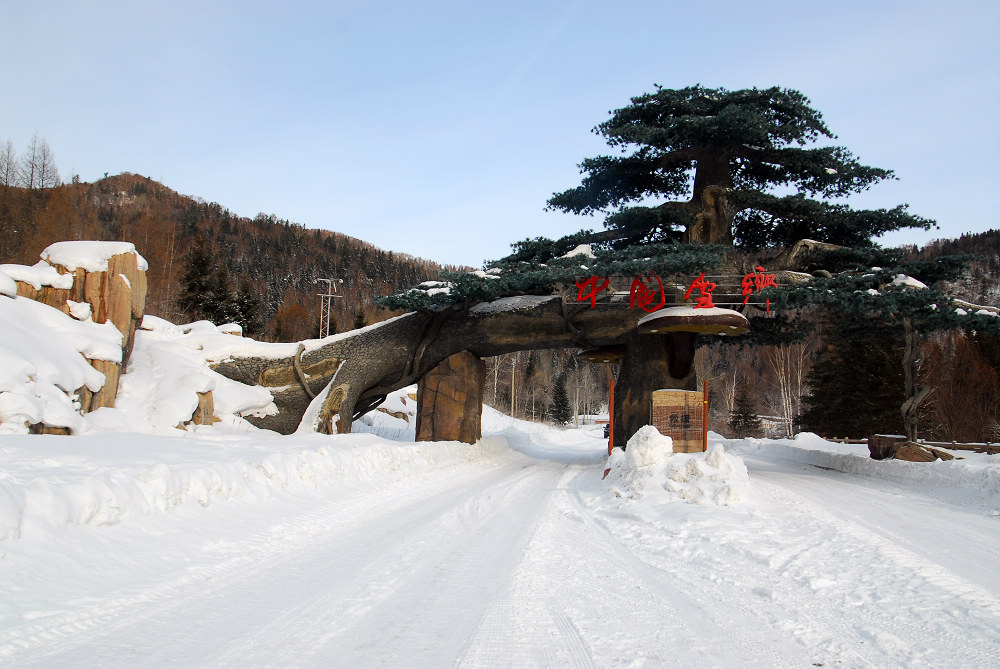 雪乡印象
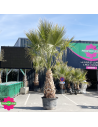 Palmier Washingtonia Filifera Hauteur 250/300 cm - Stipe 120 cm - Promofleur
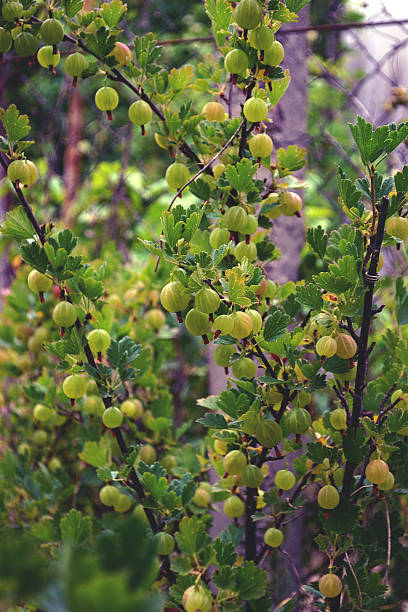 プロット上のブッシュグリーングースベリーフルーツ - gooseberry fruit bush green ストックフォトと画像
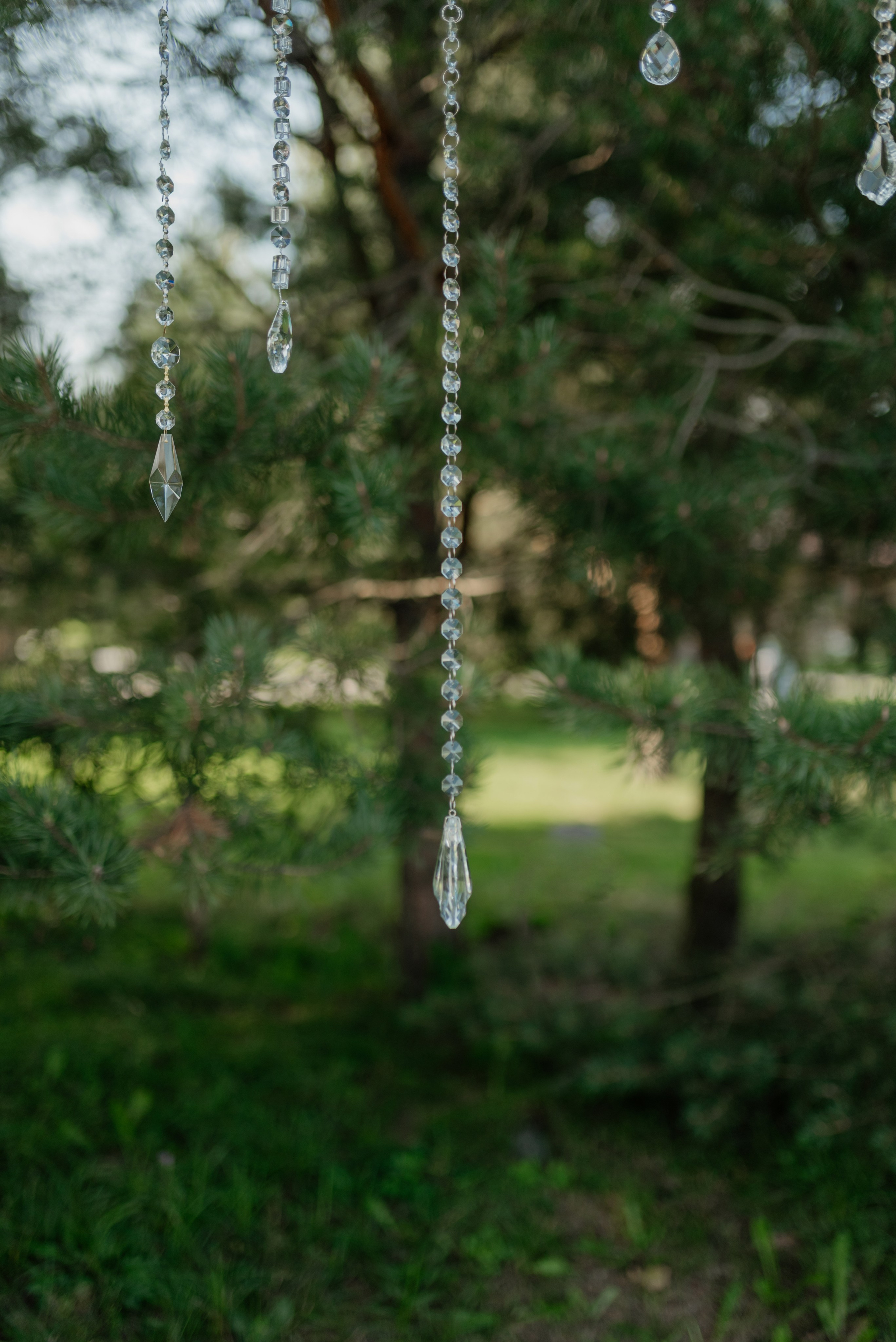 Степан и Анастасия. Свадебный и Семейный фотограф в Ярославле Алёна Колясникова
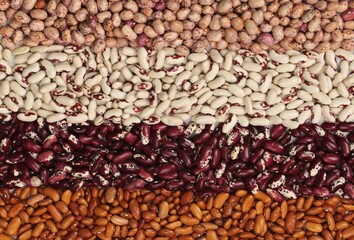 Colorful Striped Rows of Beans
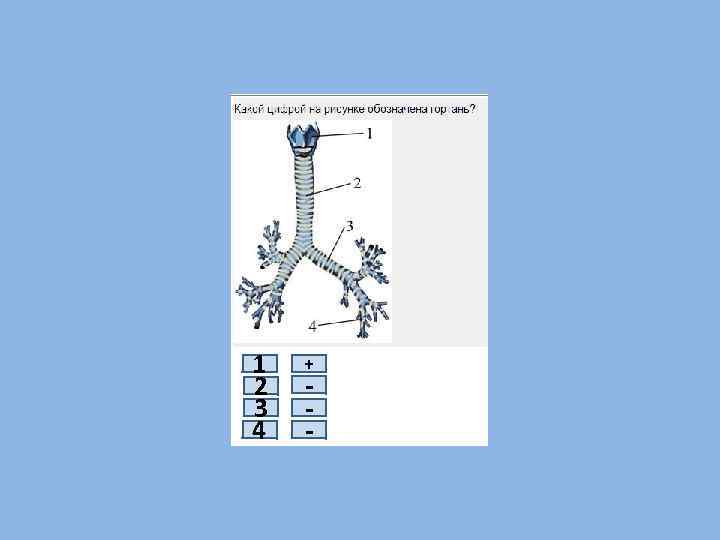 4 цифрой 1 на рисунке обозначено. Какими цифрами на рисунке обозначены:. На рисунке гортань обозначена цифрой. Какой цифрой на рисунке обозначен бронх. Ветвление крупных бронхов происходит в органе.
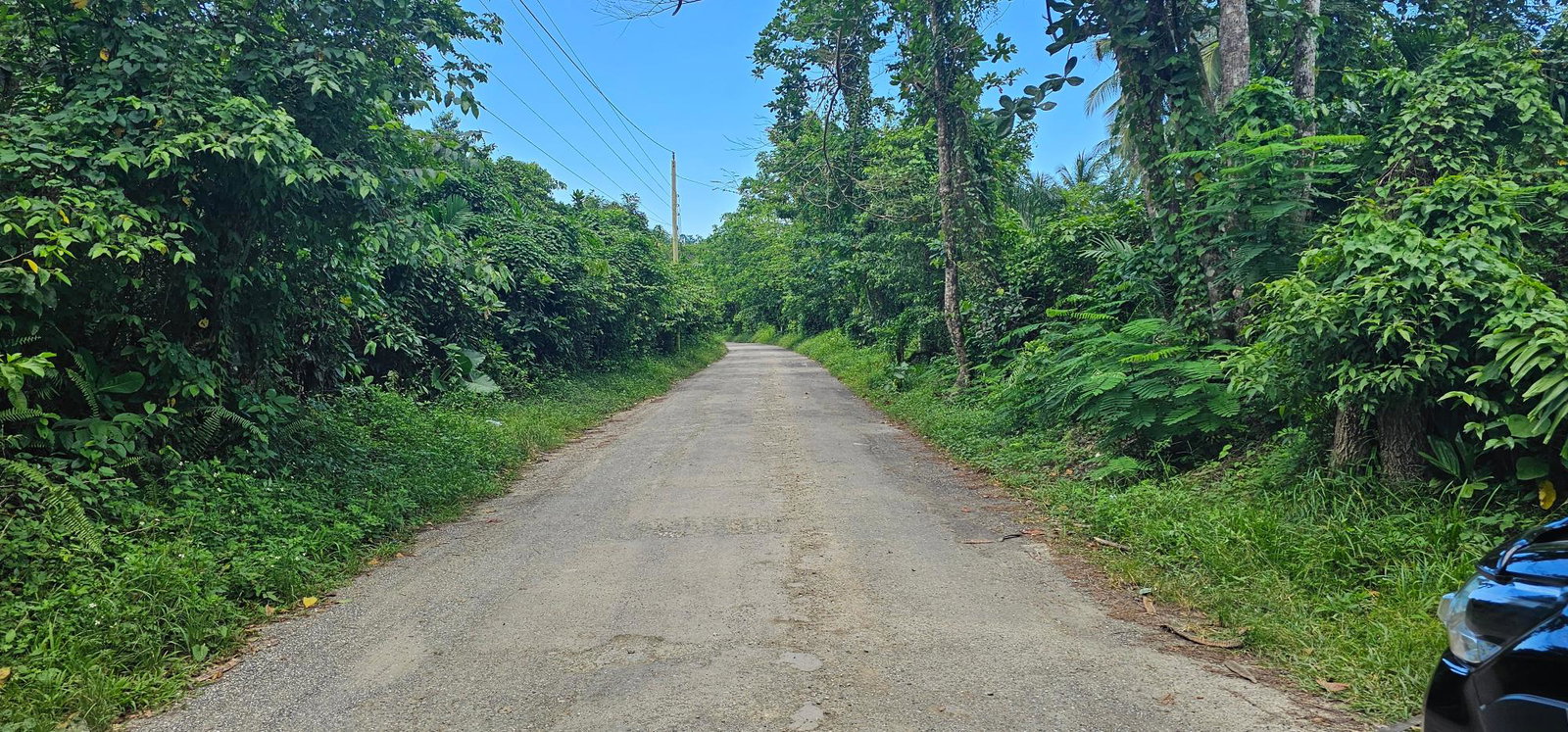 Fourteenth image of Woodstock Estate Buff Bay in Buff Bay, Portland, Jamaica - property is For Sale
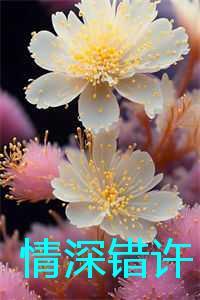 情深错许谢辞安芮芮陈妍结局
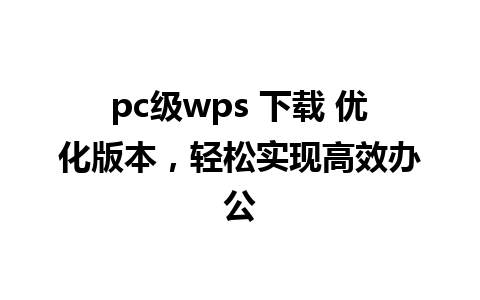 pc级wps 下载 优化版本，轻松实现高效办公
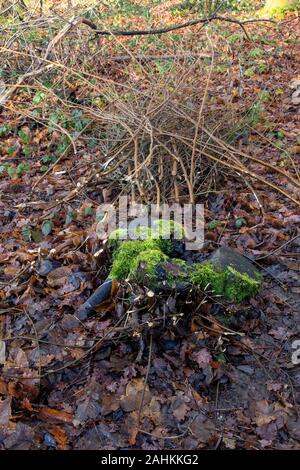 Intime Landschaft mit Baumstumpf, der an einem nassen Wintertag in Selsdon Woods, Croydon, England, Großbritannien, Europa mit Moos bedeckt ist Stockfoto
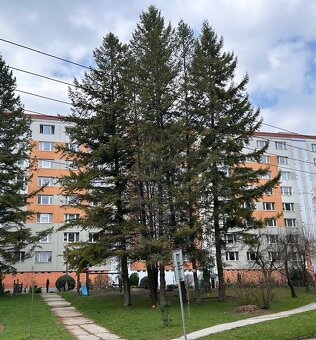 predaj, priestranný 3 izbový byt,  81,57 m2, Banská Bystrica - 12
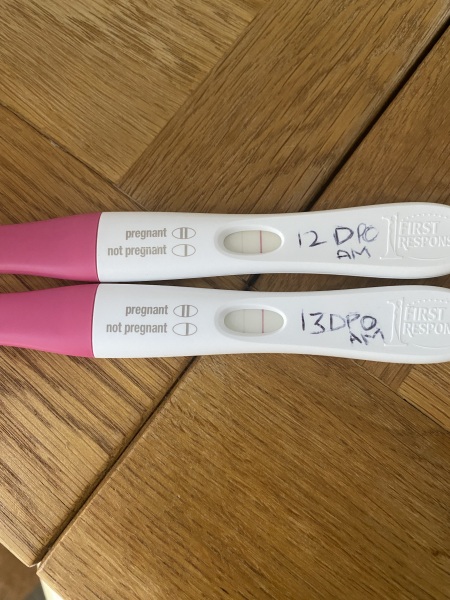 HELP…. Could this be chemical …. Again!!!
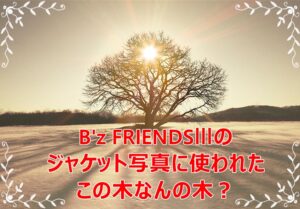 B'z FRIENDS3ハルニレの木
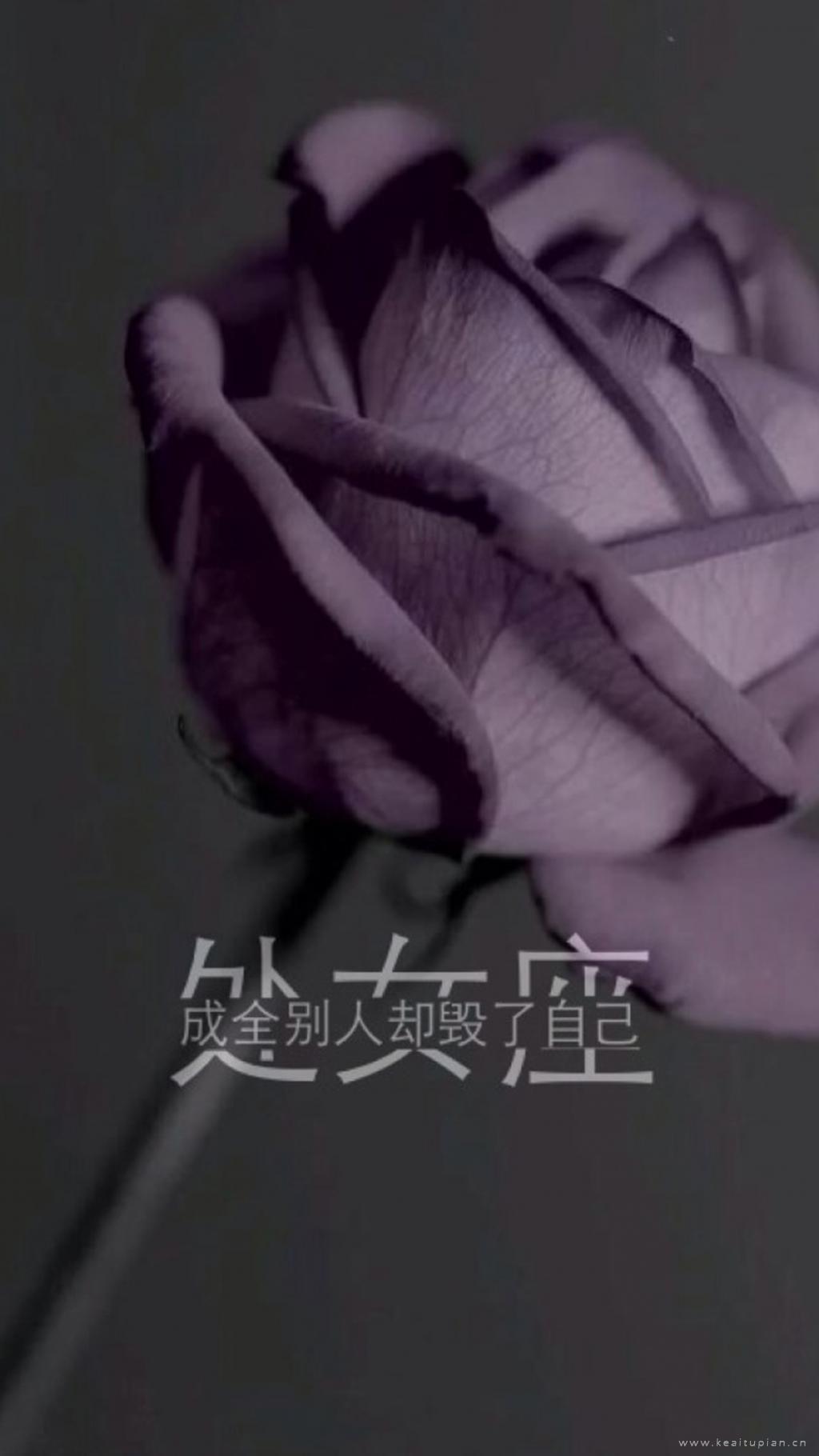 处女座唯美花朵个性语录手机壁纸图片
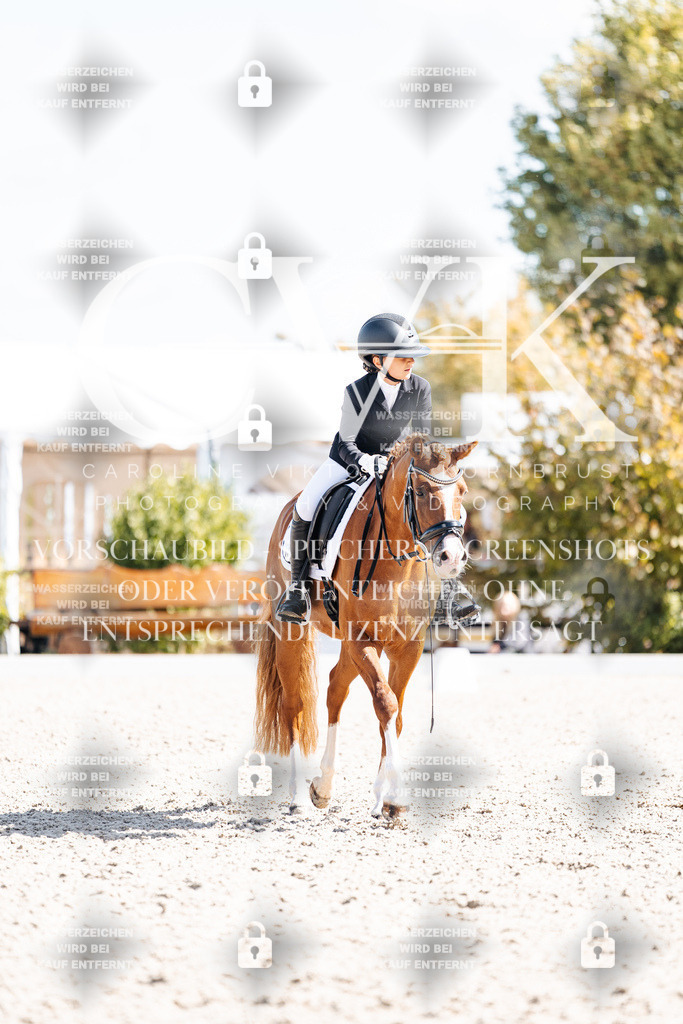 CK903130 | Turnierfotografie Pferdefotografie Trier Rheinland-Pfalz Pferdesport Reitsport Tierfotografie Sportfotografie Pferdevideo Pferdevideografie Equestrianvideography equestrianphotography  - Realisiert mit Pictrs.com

= = = = =

Exercise
Your copy must hold exactly the lines from the one with "predaj, priestranný 3" to the end of the records above, both included, and no pictures.

Solution below
 predaj, priestranný 3 izbový byt,  81,57 m2, Banská Bystrica - 12
 HELP…. Could this be chemical …. Again!!!
 B'z FRIENDS3ハルニレの木
 处女座唯美花朵个性语录手机壁纸图片
 CK903130 | Turnierfotografie Pferdefotografie Trier Rheinland-Pfalz Pferdesport Reitsport Tierfotografie Sportfotografie Pferdevideo Pferdevideografie Equestrianvideography equestrianphotography  - Realisiert mit Pictrs.com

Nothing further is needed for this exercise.